Image-text web data
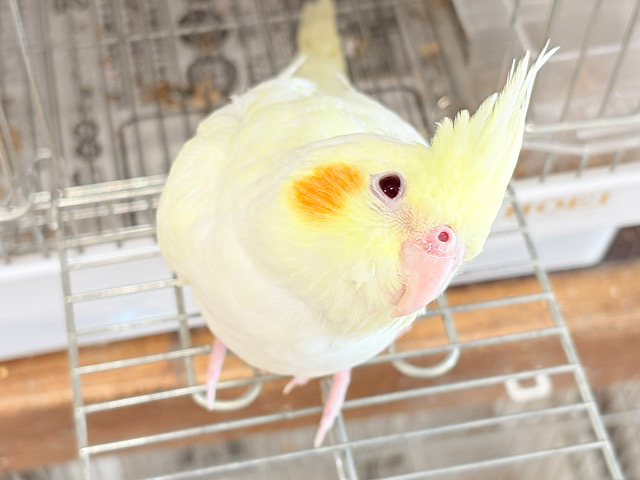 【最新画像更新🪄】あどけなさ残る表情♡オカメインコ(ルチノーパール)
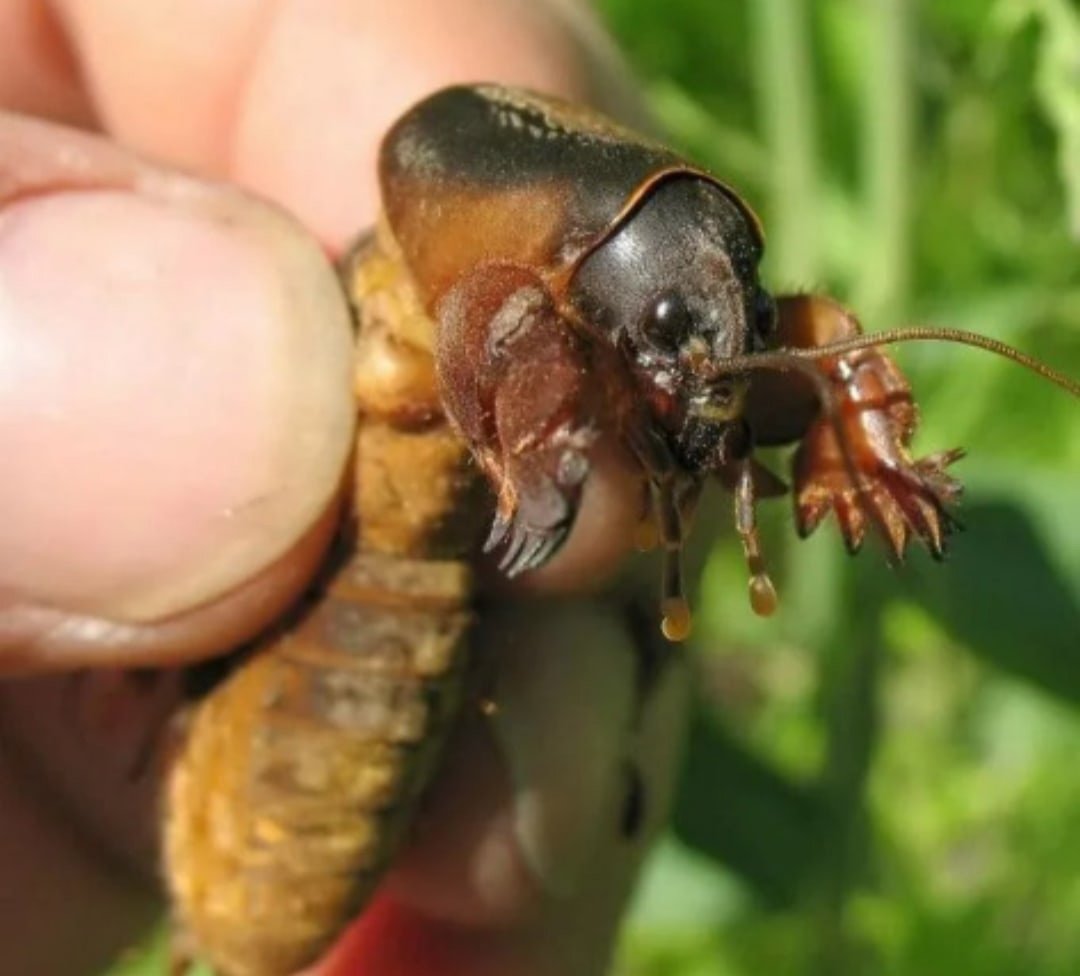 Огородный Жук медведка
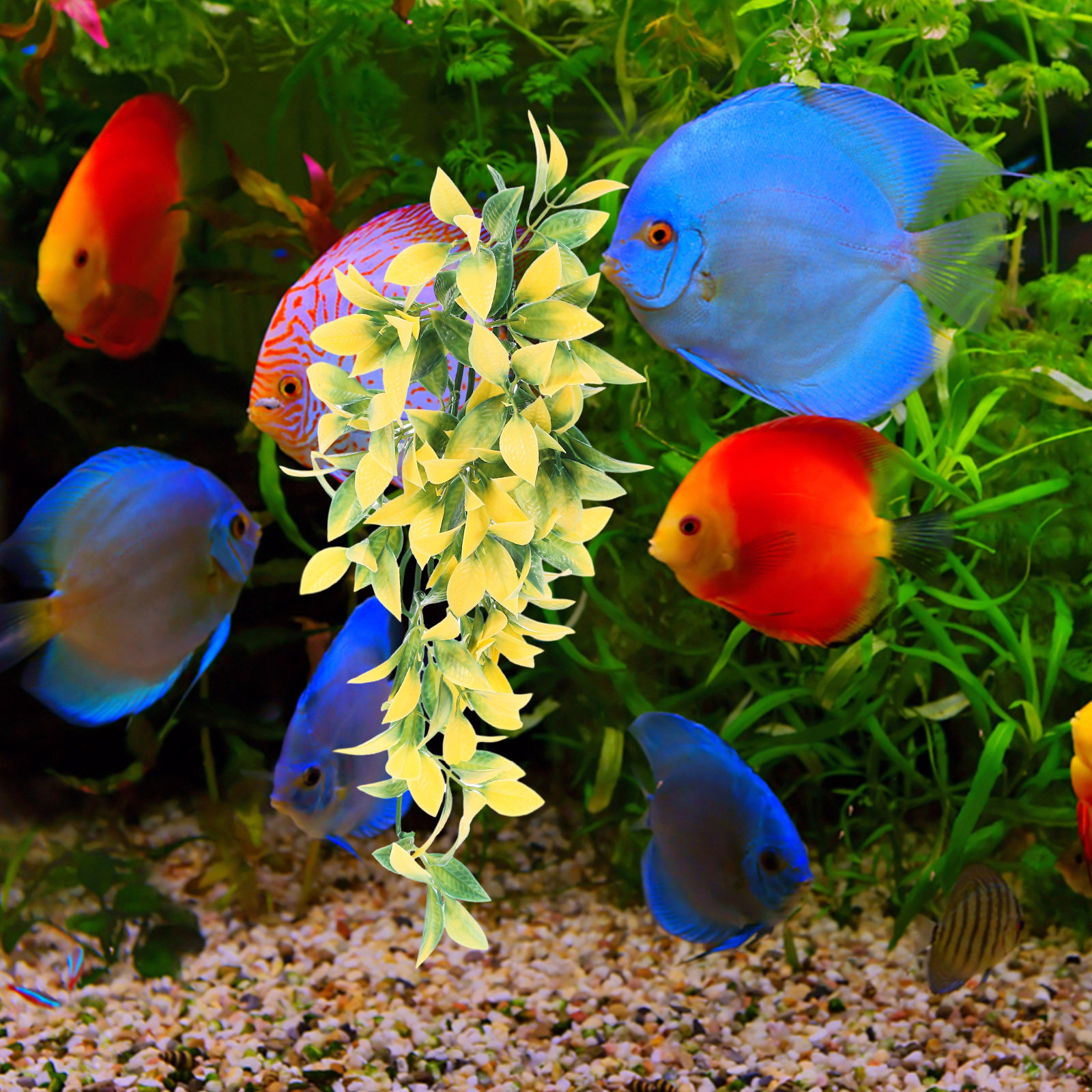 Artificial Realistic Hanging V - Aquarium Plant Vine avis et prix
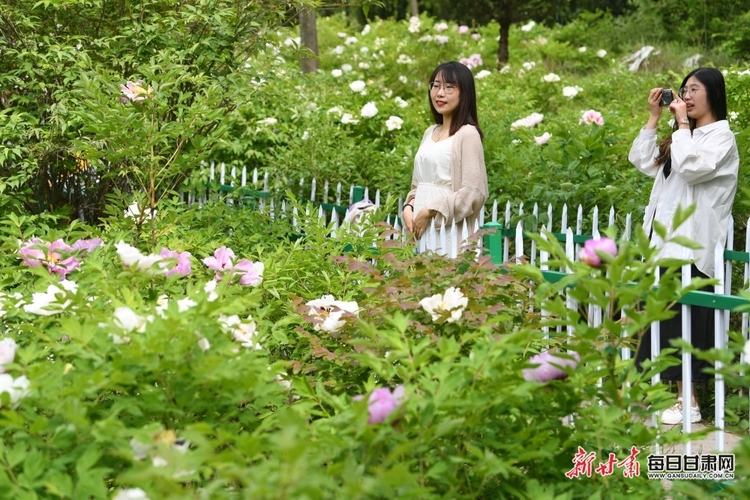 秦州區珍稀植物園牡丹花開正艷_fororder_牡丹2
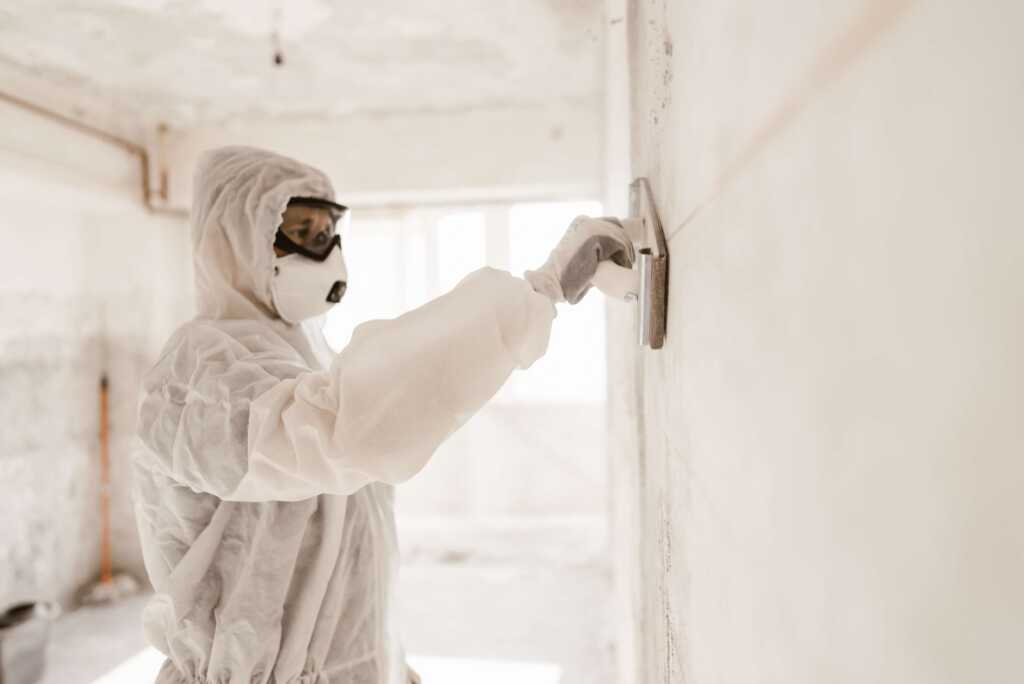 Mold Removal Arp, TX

### Exercise
Copy out each record word for word and omit any pictures.

### Finished task
 【最新画像更新🪄】あどけなさ残る表情♡オカメインコ(ルチノーパール)
 Огородный Жук медведка
 Artificial Realistic Hanging V - Aquarium Plant Vine avis et prix
 秦州區珍稀植物園牡丹花開正艷_fororder_牡丹2
 Mold Removal Arp, TX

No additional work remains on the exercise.